I also think the CLI / extensionless use case is important to finally crack, either as part of this or separately. When adopting a new top-level default it does give us the option to change the legacy compat paths to solve it.

My preference would be one of 2. (c) or 2. (d):

  1. c) Under a node_modules folder, type-less packages are treated as CommonJS; but are treated as ESM otherwise.

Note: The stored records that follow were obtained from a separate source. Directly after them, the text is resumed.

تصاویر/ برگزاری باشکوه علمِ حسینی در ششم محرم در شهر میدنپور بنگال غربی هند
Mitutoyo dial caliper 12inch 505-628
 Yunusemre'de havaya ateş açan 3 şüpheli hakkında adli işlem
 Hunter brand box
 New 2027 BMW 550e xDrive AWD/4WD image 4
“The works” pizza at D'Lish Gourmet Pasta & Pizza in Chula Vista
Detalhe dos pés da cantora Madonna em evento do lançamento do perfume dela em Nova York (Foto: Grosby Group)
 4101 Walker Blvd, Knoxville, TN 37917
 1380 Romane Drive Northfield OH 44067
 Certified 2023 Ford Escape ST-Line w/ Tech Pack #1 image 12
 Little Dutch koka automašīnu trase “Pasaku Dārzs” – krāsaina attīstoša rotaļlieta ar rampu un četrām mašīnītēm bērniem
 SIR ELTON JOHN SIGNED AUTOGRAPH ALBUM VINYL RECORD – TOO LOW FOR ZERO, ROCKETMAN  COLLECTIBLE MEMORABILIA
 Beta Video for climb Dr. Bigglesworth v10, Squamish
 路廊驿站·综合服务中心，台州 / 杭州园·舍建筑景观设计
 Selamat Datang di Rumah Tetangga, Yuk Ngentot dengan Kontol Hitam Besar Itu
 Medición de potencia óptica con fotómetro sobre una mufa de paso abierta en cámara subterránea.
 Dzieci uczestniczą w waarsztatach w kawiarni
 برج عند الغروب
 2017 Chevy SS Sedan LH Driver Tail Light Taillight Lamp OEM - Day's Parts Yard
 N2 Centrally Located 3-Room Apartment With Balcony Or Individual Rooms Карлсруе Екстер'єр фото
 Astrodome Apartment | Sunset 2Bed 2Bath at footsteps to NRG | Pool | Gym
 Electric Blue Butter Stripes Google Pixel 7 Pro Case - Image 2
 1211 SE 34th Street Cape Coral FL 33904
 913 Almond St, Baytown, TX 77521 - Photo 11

This follows the precedent that the ESM resolution algorithm already special-cases folders named node_modules.

Or

  1. d) The “no type means ESM” behavior only applies to the package scope of the entry point.

With either, a node --type=module cli.js just working as ES modules, or being able to write a new app and use node --type=module app.js, where that flag has a future to be made the default in a future version (after subsequent deprecations, and leaving behind node --type=commonjs app for legacy entry points) is a very compelling case.

Even if such a process takes many years, setting up the path now with a flag would be very valuable. And even if we don't get it right first time, we can at least figure out what flag works best for users by iterating on this work given it will be entirely experimental and optional. Let most users ignore it for the however many years it takes to get it stabilized, but it would very much close the loop on the ESM integration IMO.

@mcollina
Copy link
Member

mcollina commented Sep 5, 2023

Thanks for the great writeup @GeoffreyBooth.

I think purposefully breaking modules that have been working untouched for years is against what our users expect from us.
It's going to break every application, npx workflow, and generic usage of Node.js. It's going to create a massive churn for maintainers, frustrating them further and pushing them away.

Here is an interesting data point: developers still use readable-stream v2.3.7 (60 millions weekly), v2.3.8 (35 millions downloads weekly), v3.6.2 (30 millions downloads weekly), while v4 is at 3 millions downloads.
Dependencies are pinned somewhere in the chain, and they do not update. The massive ecosystem in the registry is what made Node.js special: let's not burn it.

If we leave the default "type": "commonjs", shipping a ESM-first mode will require a change to npm init that should (ideally) get its default from the runtime itself.

I think they will be open to that case, given that we are protecting their users. Worst case scenario, we can easily we can patch it like we do with V8.
We are npm primary distribution channel after all and only few users update it outside of Node.js.

In other terms: let's not break everybody, please.

@GeoffreyBooth
Copy link
Member Author

My preference would be one of 2. (c) or 2. (d):

I think I’m leaning toward 2-c, where typeless package.json files under node_modules keep the legacy CommonJS behavior but package.json files elsewhere get the new behavior. This both preserves backward compatibility for dependencies while still achieving the “do nothing to opt in” goal. I think it’s slightly preferable to 2-d, only special-casing the entry point’s scope, because of the static analyzability. It might have slightly more performance impact to check for node_modules, but I think we’re pulling the full path of every package.json anyway and it’s trivial to see if that path contains a node_modules segment? Which we might already be checking for already as part of the existing resolution algorithm, I’m not sure.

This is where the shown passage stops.